**Exercise directions:** What you return must match the data below exactly, minus any pictures.

**Exercise data:**
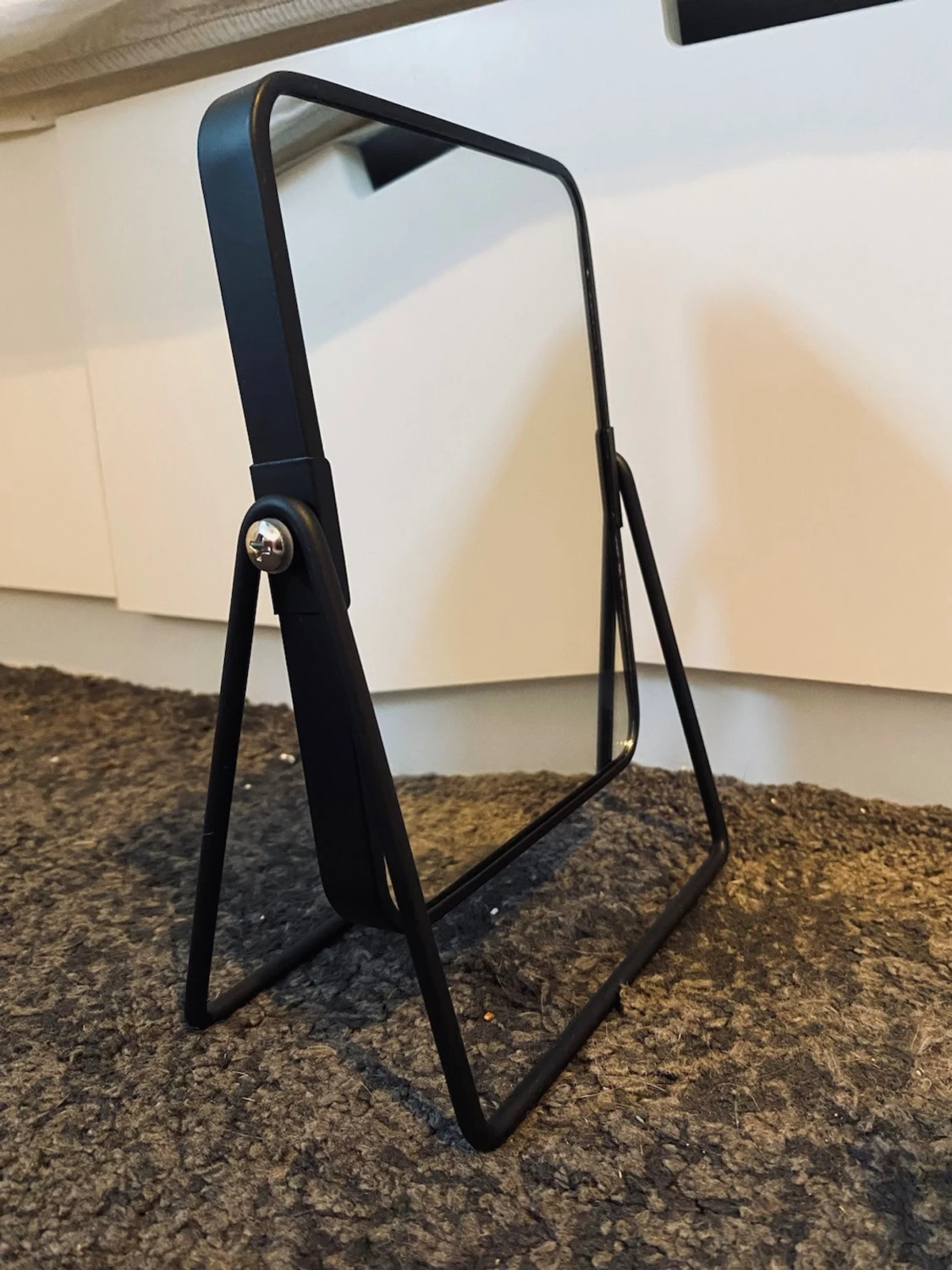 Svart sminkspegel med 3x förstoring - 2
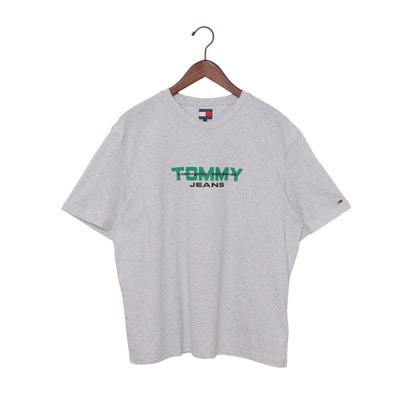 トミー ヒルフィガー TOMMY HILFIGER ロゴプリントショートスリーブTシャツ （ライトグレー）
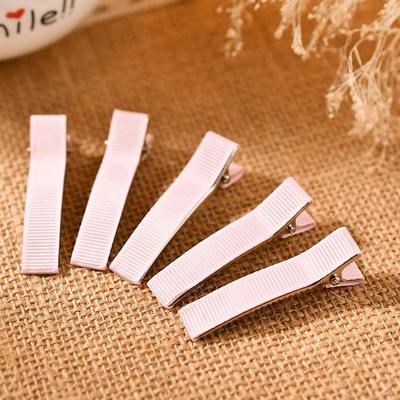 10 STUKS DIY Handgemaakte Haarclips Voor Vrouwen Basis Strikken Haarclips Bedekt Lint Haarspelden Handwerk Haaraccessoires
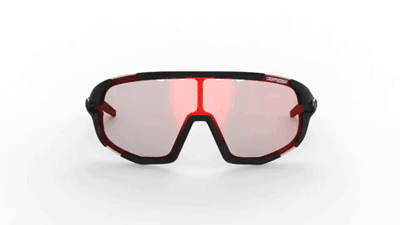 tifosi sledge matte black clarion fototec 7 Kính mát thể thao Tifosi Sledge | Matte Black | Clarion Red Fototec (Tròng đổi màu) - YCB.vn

**Task response:**
 Svart sminkspegel med 3x förstoring - 2
 トミー ヒルフィガー TOMMY HILFIGER ロゴプリントショートスリーブTシャツ （ライトグレー）
 10 STUKS DIY Handgemaakte Haarclips Voor Vrouwen Basis Strikken Haarclips Bedekt Lint Haarspelden Handwerk Haaraccessoires
 tifosi sledge matte black clarion fototec 7 Kính mát thể thao Tifosi Sledge | Matte Black | Clarion Red Fototec (Tròng đổi màu) - YCB.vn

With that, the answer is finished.